Chip sector may dodge tariff shock
PUTRAJAYA: Malaysia's semiconductor industry is unlikely to be severely affected by the revised tariffs announced by the United States, says Datuk Seri Anwar Ibrahim.
The Prime Minister said Malaysia was grateful to secure a 19% tariff rate following recent negotiations, which is a relatively favourable outcome compared to neighbouring countries.
Anwar added that the positive outcome could also possibly be due to the country's success in mediating the Thailand-Cambodia conflict.
'Tariff concerns, particularly in the semiconductor industry, have caused significant unease recently.
'Previously, these were mostly exempted.
'However, most of these companies are US-based or already have commitments to continue their investments and production in the US, so they won't be severely affected,' he said in his speech during the 2026 Budget Consultation Council at the Finance Ministry here yesterday.
However, Anwar said there are some exceptions such as Infineon, a German semiconductor manufacturer that mainly caters to the needs of Germany and Europe, as well as other countries.
'So, we're monitoring the situation,' said Anwar.
Earlier, US President Donald Trump announced sweeping new tariffs on many countries, with plans to impose 100% tariffs on semiconductors imported from countries that do not produce, or do not plan to produce, chips within the United States.
Reportedly, only companies that have invested in or are building chip-manufacturing facilities in the United States would be exempt.
On the event, Anwar said in his closing speech the 2026 Budget will be adjusted to align with the larger framework of the 13th Malaysia Plan (13MP), which stresses the importance of 'raising both the ceiling and the floor', which illustrates the emphasis on inclusive growth while upholding good governance.
'We cannot talk about growth and investment without also addressing the lower end ... which is the floor.
'Inflation won't simply go away; prices will rise gradually. But if wages rise proportionately or higher, the cost of living burden will be less painful than what many are experiencing now,' he said.
Finance Minister II Datuk Seri Amir Hamzah Azizan also reiterated that the 2026 Budget will be formulated to align with the objectives of the 13MP, with a strong focus on accelerating high-growth sectors such as the semiconductor industry, energy transition initiatives, and the Islamic economy.
The government, said Amir Hamzah, will outline key measures that will produce inclusive growth.
'These include the semiconductor industry, energy transition initiatives, and the Islamic economy, all of which will continue to receive strong government backing.
'I am confident that the many industry representatives present today will be able to contribute constructive proposals.'
The engagement session was attended by more than 300 participants from the private sector, chambers of commerce, non-governmental organisations, economists, industry players, and civil servants.

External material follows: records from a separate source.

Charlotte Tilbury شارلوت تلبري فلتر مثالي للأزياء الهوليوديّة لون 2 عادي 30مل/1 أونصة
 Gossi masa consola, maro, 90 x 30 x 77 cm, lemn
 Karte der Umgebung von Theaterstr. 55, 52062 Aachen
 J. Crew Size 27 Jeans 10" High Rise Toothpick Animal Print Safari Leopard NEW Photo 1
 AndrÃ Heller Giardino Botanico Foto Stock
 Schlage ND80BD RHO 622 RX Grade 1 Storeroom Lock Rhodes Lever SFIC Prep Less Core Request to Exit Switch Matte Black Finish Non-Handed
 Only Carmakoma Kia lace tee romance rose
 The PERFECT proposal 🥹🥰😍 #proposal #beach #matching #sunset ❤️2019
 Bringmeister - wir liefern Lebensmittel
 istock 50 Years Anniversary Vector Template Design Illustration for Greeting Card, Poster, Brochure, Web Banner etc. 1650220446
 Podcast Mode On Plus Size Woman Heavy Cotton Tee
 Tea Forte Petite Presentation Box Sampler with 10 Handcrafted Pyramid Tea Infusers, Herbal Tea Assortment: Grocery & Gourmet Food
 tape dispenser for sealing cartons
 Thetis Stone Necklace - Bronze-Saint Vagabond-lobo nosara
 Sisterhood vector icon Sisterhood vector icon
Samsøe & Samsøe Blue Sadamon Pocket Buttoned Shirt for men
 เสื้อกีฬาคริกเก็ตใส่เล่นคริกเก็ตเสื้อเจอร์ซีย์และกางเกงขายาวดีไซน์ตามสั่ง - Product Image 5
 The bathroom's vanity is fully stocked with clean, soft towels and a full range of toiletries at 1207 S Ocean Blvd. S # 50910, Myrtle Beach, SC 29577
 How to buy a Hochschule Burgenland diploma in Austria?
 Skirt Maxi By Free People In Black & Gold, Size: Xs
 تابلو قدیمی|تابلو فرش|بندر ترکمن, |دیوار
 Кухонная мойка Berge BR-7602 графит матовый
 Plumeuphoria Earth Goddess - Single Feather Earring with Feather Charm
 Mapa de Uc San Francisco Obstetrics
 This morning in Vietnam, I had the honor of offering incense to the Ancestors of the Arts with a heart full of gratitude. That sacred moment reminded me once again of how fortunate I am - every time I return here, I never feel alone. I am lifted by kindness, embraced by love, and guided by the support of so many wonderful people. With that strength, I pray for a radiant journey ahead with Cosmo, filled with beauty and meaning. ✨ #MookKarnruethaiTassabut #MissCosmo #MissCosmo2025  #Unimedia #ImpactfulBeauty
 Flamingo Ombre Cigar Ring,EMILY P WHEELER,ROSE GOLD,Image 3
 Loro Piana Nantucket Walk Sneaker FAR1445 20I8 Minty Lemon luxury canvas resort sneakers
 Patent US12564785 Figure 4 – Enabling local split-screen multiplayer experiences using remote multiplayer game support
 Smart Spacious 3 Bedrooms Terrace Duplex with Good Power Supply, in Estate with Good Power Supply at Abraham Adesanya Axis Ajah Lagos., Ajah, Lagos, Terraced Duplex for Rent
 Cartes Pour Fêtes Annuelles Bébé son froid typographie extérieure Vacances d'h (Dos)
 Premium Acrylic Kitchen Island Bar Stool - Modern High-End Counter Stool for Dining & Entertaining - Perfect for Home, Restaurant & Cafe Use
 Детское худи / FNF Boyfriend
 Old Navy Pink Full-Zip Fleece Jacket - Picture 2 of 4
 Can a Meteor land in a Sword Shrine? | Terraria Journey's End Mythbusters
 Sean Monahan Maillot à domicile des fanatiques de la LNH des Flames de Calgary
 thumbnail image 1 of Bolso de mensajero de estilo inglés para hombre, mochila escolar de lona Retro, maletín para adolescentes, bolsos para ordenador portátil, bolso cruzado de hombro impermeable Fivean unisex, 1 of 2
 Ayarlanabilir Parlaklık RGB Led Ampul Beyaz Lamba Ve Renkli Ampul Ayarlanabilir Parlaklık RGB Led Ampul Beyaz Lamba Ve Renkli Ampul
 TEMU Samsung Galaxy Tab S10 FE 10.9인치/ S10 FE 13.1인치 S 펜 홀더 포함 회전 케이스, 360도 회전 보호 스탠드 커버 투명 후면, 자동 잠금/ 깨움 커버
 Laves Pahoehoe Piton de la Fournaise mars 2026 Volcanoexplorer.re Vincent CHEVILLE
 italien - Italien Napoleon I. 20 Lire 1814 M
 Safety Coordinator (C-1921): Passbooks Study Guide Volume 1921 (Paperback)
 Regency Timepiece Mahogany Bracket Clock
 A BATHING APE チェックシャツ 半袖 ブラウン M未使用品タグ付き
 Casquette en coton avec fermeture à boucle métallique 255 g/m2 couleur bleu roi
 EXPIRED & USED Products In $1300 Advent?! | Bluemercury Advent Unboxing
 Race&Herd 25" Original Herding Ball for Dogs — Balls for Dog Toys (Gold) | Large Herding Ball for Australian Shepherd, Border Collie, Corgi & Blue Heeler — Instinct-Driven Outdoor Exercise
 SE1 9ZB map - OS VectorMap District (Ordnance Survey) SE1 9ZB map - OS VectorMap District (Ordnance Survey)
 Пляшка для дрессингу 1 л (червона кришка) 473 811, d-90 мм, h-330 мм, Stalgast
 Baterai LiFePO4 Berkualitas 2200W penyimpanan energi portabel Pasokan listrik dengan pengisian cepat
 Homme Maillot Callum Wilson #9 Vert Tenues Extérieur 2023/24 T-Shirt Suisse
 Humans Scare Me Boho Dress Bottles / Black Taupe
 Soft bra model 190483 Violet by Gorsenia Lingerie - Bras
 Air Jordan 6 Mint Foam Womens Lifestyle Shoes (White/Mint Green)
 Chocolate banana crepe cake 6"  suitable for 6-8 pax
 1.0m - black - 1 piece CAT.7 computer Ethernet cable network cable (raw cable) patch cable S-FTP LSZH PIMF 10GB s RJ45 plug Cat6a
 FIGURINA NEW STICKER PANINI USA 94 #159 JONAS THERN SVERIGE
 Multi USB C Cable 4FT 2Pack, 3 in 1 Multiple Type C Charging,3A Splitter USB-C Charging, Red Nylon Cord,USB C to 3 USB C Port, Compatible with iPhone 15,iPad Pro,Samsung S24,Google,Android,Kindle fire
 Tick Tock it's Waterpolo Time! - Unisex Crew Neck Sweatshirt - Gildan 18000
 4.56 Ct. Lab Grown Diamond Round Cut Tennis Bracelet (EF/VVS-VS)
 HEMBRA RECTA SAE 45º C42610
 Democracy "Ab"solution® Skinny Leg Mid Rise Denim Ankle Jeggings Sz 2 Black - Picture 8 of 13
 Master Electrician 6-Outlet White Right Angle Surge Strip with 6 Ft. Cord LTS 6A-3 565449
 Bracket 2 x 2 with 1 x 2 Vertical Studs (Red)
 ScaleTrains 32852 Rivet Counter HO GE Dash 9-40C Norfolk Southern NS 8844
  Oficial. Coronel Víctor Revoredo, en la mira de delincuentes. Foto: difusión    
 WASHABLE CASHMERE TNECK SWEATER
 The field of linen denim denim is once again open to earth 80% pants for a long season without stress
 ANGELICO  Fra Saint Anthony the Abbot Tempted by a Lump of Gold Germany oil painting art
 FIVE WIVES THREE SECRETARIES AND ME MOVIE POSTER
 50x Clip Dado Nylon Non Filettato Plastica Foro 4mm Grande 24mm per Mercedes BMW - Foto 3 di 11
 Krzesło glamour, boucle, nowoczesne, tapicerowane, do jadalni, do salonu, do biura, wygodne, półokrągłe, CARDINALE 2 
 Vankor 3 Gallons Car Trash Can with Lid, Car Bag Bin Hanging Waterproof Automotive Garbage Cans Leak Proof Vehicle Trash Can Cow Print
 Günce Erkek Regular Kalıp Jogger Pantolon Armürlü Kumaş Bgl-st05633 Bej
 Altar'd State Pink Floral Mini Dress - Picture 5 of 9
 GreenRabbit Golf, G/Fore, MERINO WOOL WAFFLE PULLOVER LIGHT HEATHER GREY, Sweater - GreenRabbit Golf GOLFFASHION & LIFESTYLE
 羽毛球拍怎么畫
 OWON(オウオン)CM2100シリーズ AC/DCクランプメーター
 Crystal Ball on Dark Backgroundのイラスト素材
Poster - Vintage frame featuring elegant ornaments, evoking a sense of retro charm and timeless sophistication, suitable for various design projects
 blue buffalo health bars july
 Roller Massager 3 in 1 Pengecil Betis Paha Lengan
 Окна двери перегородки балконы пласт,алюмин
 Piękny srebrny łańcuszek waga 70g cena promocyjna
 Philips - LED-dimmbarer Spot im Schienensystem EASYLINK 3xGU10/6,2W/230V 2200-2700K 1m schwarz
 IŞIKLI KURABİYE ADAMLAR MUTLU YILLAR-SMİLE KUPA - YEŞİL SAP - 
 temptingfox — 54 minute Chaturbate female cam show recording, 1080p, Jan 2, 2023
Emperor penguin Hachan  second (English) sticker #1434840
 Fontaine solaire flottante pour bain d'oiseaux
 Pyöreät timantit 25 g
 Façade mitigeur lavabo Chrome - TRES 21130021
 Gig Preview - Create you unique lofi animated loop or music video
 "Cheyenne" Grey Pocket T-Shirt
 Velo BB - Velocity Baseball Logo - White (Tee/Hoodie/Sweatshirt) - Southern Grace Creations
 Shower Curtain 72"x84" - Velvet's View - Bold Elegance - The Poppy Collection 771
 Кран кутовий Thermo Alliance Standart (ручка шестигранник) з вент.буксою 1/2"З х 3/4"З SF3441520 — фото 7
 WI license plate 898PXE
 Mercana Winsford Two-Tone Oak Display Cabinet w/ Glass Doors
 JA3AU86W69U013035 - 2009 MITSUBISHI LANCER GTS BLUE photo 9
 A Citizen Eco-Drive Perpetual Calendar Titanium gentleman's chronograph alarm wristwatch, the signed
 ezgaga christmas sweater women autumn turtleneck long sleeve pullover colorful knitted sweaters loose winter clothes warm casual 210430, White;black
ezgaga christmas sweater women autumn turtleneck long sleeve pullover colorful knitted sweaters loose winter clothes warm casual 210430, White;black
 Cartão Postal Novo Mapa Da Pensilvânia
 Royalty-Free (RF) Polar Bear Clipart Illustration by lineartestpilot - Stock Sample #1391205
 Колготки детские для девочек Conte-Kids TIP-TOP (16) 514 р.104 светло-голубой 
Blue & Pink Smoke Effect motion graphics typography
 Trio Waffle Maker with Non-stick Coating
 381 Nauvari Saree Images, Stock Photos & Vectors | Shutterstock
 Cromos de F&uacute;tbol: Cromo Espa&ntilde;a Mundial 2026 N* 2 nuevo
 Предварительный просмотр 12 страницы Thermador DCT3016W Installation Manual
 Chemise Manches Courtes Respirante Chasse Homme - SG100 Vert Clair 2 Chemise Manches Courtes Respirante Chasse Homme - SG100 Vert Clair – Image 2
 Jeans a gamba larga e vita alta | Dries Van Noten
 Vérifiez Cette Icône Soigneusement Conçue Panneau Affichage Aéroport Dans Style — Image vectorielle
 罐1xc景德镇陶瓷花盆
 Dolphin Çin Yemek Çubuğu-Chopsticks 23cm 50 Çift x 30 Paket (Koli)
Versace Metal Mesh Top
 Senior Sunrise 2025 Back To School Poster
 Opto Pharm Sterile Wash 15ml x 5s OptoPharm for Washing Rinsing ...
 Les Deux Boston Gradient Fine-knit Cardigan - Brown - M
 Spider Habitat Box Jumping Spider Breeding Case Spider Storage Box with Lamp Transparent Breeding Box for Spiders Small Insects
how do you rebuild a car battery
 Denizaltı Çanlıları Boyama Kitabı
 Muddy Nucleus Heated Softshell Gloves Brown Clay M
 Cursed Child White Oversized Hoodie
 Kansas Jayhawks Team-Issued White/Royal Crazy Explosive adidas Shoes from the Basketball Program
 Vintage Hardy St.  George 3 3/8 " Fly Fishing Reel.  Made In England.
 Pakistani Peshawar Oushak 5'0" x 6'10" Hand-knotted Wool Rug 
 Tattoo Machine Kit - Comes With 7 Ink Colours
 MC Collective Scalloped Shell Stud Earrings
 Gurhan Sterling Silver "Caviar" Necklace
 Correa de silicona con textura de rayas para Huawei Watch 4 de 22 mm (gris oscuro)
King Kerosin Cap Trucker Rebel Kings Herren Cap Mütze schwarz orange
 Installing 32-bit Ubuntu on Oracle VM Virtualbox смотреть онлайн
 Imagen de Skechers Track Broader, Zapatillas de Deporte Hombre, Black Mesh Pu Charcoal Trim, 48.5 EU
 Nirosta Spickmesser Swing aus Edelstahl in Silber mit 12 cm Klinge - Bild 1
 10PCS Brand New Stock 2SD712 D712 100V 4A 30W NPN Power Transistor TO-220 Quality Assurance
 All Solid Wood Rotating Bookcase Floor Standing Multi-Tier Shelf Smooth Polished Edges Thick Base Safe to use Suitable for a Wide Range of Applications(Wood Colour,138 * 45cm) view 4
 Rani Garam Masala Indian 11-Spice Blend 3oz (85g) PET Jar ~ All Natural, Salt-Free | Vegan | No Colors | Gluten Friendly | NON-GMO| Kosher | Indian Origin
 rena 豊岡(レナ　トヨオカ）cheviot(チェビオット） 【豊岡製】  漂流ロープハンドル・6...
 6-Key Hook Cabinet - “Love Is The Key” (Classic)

According to Parliament's meeting agenda, the 2026 Supply Bill (Budget) is scheduled to be tabled in October.
Amir Hamzah added that the government will continue to empower micro, small and medium enterprises as well as start-ups to become producers of products and services proudly labelled 'Made by Malaysia'.
The minister said the digital and artificial intelligence (AI) agenda will also remain a key focus area, in line with efforts to foster a culture of innovation and drive value-based economic growth.
On a separate matter, Anwar also signalled his support to raise tobacco tax following calls from certain quarters to end the decade-long moratorium on excise duty hikes.
'I agree with the spirit of that proposal. I myself not only do not smoke, but also fully support anti-smoking campaigns,' said Anwar.
The last major increase in tobacco excise duty was in 2015, when the government raised it by 42.8%. Tobacco taxes have remained unchanged since then.
On July 31, the Prime Minister announced that pro-health taxes will be expanded to cover tobacco, vape and alcohol products.
Anwar stressed the need to handle health risks, stressing that it is not solely for tax revenue.